ロッキード事件(1976年)を担当するなど、敏腕検事として活躍してきた堀田力さん。57歳で早期退職し、社会福祉活動に尽力してきた。2022年末に脳梗塞で倒れたものの、89歳の現在も地域社会への働きかけを続けている。妻・明子さんと〈第三の人生〉について語り合った(構成:篠藤ゆり 撮影:宮崎貢司)
新聞と川柳が日々の張り合い
力 機能訓練のおかげで、最近は、字もだいぶ読めるようになってきました。
明子 夫は、大きな字は読めるので、毎朝、読みたい新聞記事の見出しに印をつけるんです。それを息子が音読するのが習慣に。

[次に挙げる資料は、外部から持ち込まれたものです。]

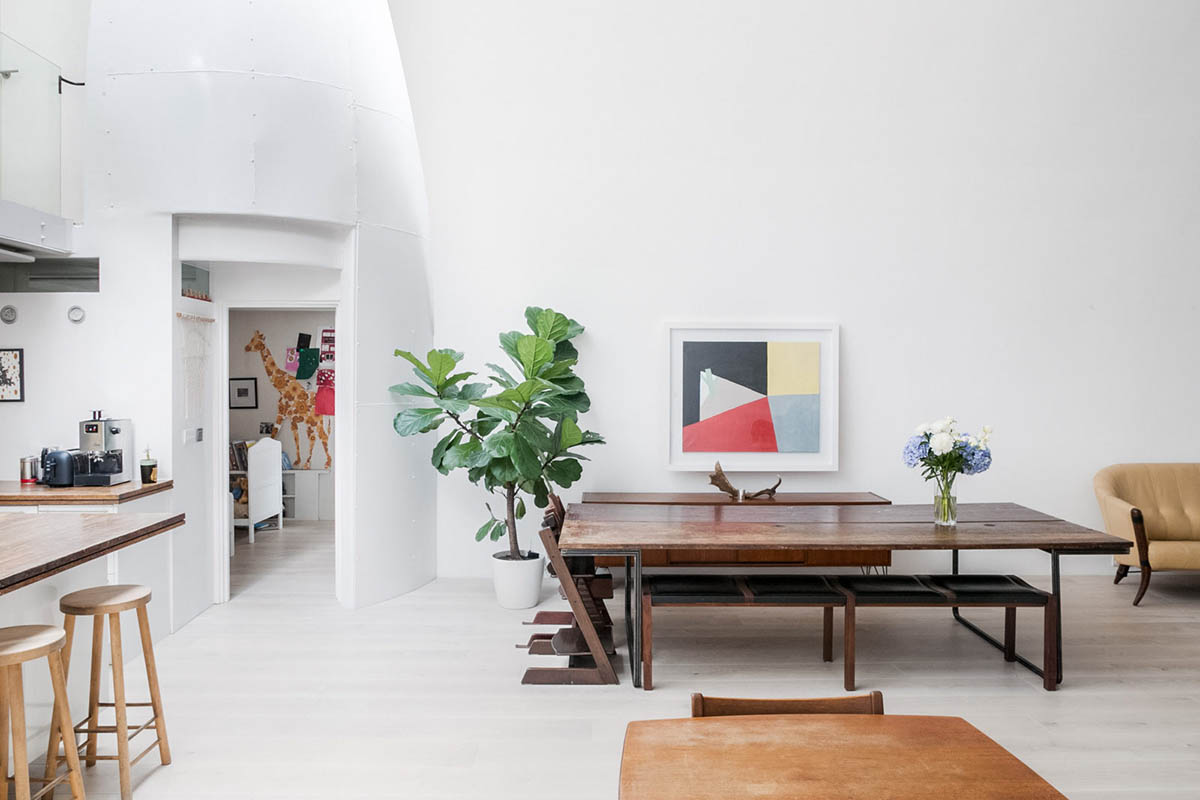 Undercurrent Architects' Live-Workspace Building Dominates City With Industrial Steel Exterior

ときどき時事ニュースについて、自分の考えを披露してくれることもあります。
日常生活のことは抜け落ちていても、昔の記憶は残っているようです。ロッキード事件や当時の政治、福祉活動に関することは詳細に覚えていて、しっかり話すことができます。
力 ただ、「書く」力はまだまだ。長い文章は書けません。
明子 それで川柳を始めたのよね。息子が大きな活字で書かれた川柳の本を買ってきてくれて。
力 字が大きいものはかろうじて読めるのが、幸いです。意味もわかるようになるにつれて、夢中で読んでいるうちに、自分でも作りたくなって。頭に浮かんだ川柳を、毎日書き留めています。